Thursday, January 01, 2026

 Welcome to 2026.  I am so glad to say goodbye to 2025 but also sad to let go at the same time.  Last year was a year of great joy and also the heaviest sadness and grief I have experienced in my life as my husband passed away in June and life drastically changed.  In October my job ended and I was feeling really lost and struggling to figure out what my life would look like.  I spent the months since my husbands passing "running" and just being gone away from home, avoiding things and just existing really.  But as I welcome 2026, I have come to realize I need to get it figured out and decide what I want.  I didn't work from October until now and figured I wouldn't really be going back into the workforce full time and just traveling but I also know that isn't really what I want as I didn't have purpose for myself and know I need it.  

I accepted a full-time position with NOCD that I will start mid January and am looking forward to it.  I will be working remotely and able to still travel and work.   I have spent a lot of time avoiding being home and just staying busy when I am home.  I plan to spend some time this year doing some work around the house, getting underground sprinklers put in, a heat/cool split in the backroom, redoing my bathroom, having a gas fireplace put in the living room.  Just investing more in fixing up the areas around the house that could use some improvements and have been neglected over the years.  

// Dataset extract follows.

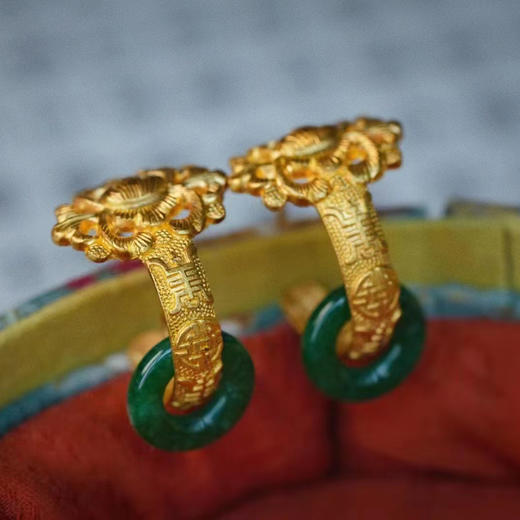 龢盒原创 仿古手工錾刻宝相花团寿纹翡翠足金耳坠 商品图2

I have been in Dillion for a couple weeks now and plan on staying here another week or so before doing a rode trip south for a week or so before working my way back up here to watch Vallie while Lincoln has Tubes put in his ears in Missoula and then heading home to watch Amanda's kids for a week while they are gone snowmobiling.  Then I will see how my work training is going and plan on heading down south for a month or so. I bought a Intech Dawn Sol this last fall and am loving it.  Easy for me to tow and travel with, gives me enough room.  

This year I am looking forward to health and healing as my journey continues.  I will spend everyday looking for joy, treasuring the memories but I just refuse to live in the pain and hurt without Sam.  I am moving forward living the life we planned and dreamed about doing together, it will just look a little different in doing it by myself.  Going to enjoy the next couple weeks before I start back to work.  Bring on 2026 I am ready for it.